Lo único que me encanta de ella es su perro. Tiene un chucho feo como escupir en el suelo, pero le adora, tiene puesto un cojín en la ventana del estanco, y desde ahí el perrillo mira la vida pasar. Lo que no habrá visto la criatura, madre mía. Confieso que los primeros días en que empecé a vivir ahí creía que el perro era de porcelana, pero al tiempo le ví moverse y supe que respiraba como cualquier ser vivo que se precie. Esta mujer, que aparte de rancia es seca a más no poder, resplandece de orgullo cuando saca al perro a pasear, y estoy segura de que es el amor de su vida, porque juro que veo como el corazón le late más fuerte cuando el perrito la recibe meneando el rabo.

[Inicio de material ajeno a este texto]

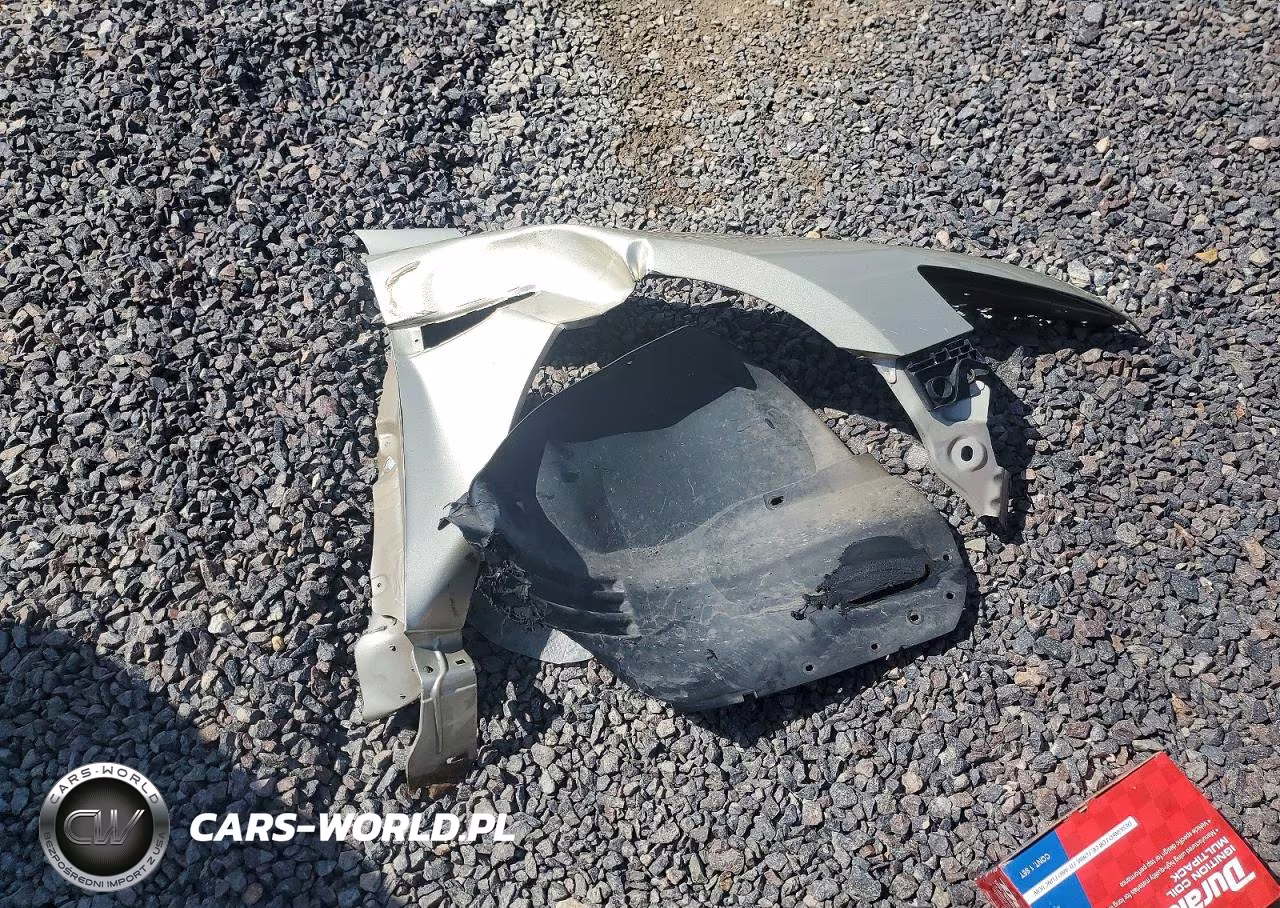 2011 Ford Taurus Sel VIN:1FAHP2HW9BG144679 - 12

Cada vez que yo paso por el estanco le guiño, un ojo al perro, que por cierto, jamás he sabido como se llama. El perro nunca ha contestado a mi guiño, pero sé que me lo agradece, y que en el fondo de su ser él sí me habría regalado un mechero, así que le tengo aprecio, para qué negarlo.
Esta mañana he pasado y no le he visto, pero la estanquera, esa mujer de hierro, la Tatcher de mi barrio, estaba llorando amargamente. Entonces he hilado sucesos (y a esas horas de la mañana no era fácil): el estandarte del estanco y de la vida de la estanquera, solterona y amargada, se ha ido. Y por primera vez esa mujer ha dejado de ser un cuerpo detrás de un mostrador para ser una persona, que hoy estará más sola que nunca.
Estaba claro que el perro no iba a ser eterno, como nada en la vida. Ni la crisis, ni las personas ni la juventud, nada es para siempre. La estanquera empieza hoy una etapa distinta, quien sabe si con otro perro que pueda ocupar el cojín de la ventana para otear el horizonte, o quizás sola, enfrentando por primera vez el día a día sin unos ojitos emocionados que la miren pacientemente esperando salir a pasear.
Yo, por si acaso, seguiré guiñando el ojo al pasar por ahí, aunque sea a ella. Quizá una muerte que llevaba tiempo anunciada, sea para la estanquera el comienzo de una nueva vida.